(Short text fragments from websites)
==================================================

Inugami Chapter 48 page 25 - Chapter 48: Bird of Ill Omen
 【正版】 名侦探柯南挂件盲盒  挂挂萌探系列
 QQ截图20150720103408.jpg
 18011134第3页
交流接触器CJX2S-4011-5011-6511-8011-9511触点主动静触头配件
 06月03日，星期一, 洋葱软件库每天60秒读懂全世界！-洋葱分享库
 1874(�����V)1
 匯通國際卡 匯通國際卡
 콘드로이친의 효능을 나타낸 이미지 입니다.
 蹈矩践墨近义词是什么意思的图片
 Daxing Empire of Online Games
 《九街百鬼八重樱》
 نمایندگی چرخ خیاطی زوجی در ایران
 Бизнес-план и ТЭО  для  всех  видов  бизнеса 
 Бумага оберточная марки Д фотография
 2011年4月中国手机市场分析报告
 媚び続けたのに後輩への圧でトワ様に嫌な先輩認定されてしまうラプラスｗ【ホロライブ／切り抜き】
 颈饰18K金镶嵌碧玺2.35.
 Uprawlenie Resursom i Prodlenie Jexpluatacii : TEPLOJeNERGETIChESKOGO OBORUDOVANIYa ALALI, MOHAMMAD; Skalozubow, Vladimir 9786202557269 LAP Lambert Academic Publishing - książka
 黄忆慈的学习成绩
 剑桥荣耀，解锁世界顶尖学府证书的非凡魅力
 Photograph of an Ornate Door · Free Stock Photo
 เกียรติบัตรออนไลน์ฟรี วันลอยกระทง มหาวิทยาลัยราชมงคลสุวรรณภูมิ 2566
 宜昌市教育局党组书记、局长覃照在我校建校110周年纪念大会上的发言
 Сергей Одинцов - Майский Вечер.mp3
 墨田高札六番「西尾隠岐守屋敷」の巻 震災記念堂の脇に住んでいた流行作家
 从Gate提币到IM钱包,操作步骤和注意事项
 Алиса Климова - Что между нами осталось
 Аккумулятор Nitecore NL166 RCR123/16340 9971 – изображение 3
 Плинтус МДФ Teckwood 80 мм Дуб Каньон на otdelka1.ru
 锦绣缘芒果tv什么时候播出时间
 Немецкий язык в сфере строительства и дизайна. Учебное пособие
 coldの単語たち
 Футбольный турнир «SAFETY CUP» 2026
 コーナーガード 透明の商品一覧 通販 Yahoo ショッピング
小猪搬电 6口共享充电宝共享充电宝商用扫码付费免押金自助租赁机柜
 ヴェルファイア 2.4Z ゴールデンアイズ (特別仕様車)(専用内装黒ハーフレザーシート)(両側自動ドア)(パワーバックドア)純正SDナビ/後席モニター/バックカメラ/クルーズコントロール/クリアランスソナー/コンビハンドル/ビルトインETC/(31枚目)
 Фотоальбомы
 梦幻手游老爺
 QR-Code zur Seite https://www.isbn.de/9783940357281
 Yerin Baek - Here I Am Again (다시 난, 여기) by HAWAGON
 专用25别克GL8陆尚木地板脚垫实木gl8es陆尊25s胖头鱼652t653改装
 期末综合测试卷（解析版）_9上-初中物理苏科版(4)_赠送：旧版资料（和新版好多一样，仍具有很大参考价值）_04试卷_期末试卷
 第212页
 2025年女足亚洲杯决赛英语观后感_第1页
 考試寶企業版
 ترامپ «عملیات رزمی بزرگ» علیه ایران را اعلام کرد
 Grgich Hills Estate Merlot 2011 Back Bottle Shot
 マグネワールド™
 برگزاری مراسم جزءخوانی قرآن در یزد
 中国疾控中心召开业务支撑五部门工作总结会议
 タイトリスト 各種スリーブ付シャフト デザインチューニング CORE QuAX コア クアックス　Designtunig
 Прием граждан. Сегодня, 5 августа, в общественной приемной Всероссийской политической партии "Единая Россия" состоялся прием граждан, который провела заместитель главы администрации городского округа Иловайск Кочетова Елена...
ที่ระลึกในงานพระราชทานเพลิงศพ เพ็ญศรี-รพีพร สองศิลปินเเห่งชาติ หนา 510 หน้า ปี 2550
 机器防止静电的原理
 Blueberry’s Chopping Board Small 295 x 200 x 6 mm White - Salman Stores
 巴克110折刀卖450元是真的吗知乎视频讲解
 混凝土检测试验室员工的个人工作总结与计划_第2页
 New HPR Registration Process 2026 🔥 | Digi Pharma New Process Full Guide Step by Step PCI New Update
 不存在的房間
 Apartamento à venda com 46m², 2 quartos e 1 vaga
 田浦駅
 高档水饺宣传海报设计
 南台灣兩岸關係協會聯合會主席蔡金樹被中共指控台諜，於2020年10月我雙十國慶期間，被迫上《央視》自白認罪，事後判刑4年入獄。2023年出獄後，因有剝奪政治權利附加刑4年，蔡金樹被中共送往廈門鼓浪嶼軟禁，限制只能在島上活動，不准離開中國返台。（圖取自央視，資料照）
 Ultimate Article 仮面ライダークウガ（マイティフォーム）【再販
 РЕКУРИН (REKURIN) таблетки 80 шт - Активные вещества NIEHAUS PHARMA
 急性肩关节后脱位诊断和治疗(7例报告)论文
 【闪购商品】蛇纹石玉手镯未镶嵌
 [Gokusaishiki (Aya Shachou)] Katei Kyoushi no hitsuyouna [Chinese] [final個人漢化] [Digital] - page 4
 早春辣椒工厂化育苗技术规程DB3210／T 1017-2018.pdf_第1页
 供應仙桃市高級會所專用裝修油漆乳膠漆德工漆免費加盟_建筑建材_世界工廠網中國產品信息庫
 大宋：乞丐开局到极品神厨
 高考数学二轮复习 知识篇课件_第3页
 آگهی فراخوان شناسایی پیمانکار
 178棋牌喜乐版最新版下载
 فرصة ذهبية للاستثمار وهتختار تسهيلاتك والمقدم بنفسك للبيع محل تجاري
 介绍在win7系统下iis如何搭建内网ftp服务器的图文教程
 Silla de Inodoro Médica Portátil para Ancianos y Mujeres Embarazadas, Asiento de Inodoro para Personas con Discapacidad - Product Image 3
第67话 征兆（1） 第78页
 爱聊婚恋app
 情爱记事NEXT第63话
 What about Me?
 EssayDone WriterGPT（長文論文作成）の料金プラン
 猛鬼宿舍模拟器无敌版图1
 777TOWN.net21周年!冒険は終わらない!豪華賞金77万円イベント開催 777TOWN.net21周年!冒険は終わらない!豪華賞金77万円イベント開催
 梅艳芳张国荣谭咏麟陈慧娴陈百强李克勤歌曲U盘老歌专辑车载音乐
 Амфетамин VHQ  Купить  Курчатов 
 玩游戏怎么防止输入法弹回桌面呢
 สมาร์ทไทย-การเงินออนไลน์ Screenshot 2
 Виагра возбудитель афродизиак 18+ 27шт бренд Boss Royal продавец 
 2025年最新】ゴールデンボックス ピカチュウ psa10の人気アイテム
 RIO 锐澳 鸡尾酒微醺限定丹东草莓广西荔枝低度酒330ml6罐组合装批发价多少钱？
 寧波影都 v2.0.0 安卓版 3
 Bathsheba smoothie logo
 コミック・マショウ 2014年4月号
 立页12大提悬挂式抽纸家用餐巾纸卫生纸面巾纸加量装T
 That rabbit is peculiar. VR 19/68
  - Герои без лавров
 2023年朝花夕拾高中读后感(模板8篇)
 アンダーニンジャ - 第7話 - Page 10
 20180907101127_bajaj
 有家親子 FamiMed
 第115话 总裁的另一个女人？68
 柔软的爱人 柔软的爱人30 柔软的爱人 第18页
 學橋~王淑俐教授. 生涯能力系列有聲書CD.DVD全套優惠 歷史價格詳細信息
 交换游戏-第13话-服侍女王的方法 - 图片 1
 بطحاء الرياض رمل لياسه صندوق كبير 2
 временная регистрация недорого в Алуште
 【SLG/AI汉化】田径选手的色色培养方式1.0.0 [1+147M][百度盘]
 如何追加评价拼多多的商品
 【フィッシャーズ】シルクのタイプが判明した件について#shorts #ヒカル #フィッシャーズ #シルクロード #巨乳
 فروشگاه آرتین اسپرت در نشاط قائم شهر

==================================================

§ **Exercise description**
How many lines in the data contain the string "ایران"? Respond with the number only.

§ **Expected output**
2